Darfur: What really lies behind the Darfur humanitarian disaster
The Darfur humanitarian disaster has cast a shadow on the beginning of the 21st century and third millennium. If there is goodwill, it could be resolved overnight; or it could drag on for decades as the case has been with the civil war in southern Sudan.
According to the official version put out by the Sudanese government, it is a run-of-the-mill tribal conflict – African land-tilling tribes and nomadic herders of Arab descent came to blows in 2003 over fertile lands. Unfortunately, the figures that have reached the public through the UNHCR, Red Cross and Darfur refugees tell a different story. The conflict re-intensified suddenly in 2006. In December of last year, the UN human rights council decided to form a high-level expert mission to investigate the situation and present their report and proposals on what to do next. The writer of this article was the only expert from Europe on this mission.
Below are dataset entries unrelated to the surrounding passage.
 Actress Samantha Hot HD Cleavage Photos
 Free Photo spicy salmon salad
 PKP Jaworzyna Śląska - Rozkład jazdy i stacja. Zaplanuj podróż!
By February 2004, the Sudanese government had changed its position regarding the UN mission and on various pretexts the Sudanese representation in Geneva would not issue visas to mission members (nor would the embassy in Addis Ababa) and the mission did not make it to Darfur. Operating on the mandate of the UN Human Rights Council, the mission visited the headquarters of the African Union seated in Addis Ababa and the camps for the Darfurian refugees in eastern Chad. On 16 March 2007, the report was presented to the UN Human Rights Council.
The picture that developed regarding Darfur’s problems during the mission’s work is markedly different from the official Sudanese version. Darfur can be considered a case of a conflict between newer Arab settlers and indigenous inhabitants (with the government clearly favouring the settlers, if not to say goading them on) as well as a case of government interest in getting control of the tribal lands currently held by the land-tilling tribes. Here we start to see why the Sudanese government did not wish to see a high-level UN mission in Darfur. This is no religious war, since Darfur is Islamic. Yes, there were complaints about racist statements from the Arab side. But the most credible reasons seem to be economic reasons. Southern Sudan is rich in oil, and Darfur is thought to be similarly well-endowed in natural resources. It seems that the Sudanese government is holding the solution to the Darfur humanitarian disaster. But they are not ready to resolve the problem using political means. And so the bloodshed continues.
There is no trust in the African Union peacekeeping forces. The strong intervention of the UN is awaited. Will it come? Time will tell.